[Scraped caption text data]
■ ■ ■

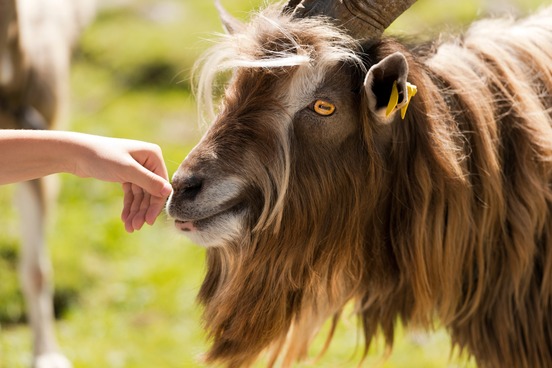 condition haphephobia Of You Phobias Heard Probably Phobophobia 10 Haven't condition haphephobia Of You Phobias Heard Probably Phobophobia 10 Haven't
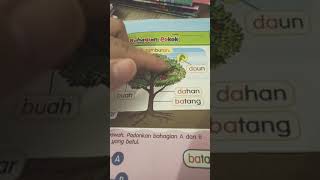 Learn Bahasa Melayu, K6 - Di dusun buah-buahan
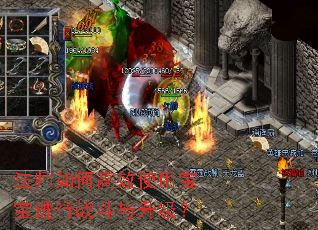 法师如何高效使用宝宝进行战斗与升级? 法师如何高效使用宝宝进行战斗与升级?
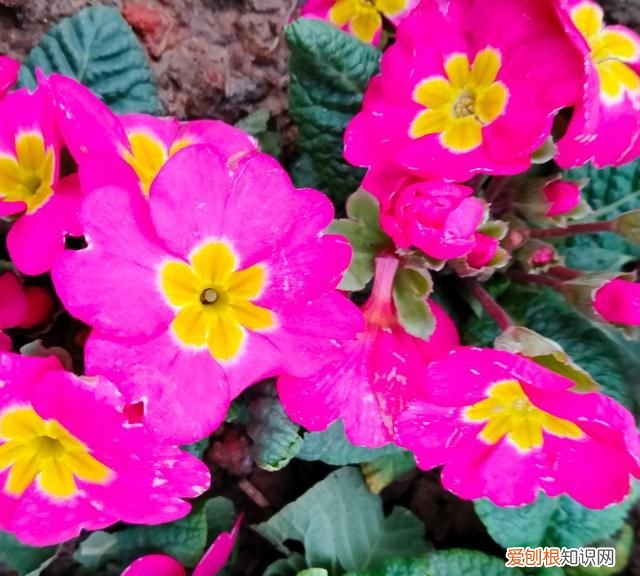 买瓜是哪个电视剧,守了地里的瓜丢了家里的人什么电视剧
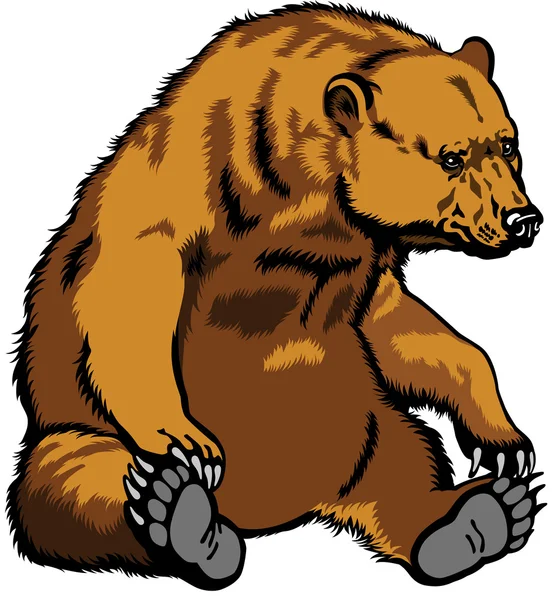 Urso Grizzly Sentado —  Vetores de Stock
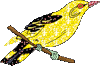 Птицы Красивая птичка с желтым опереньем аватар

■ ■ ■

■ **INSTRUCTIONS FOR THE TASK**
The line containing "买瓜是哪个电视剧,守了地里的瓜丢了家里的人什么电视剧" and all lines after it, through the last line of the records, should be returned exactly. Omit the pictures.

■ **EXERCISE ANSWER**
 买瓜是哪个电视剧,守了地里的瓜丢了家里的人什么电视剧
 Urso Grizzly Sentado —  Vetores de Stock
 Птицы Красивая птичка с желтым опереньем аватар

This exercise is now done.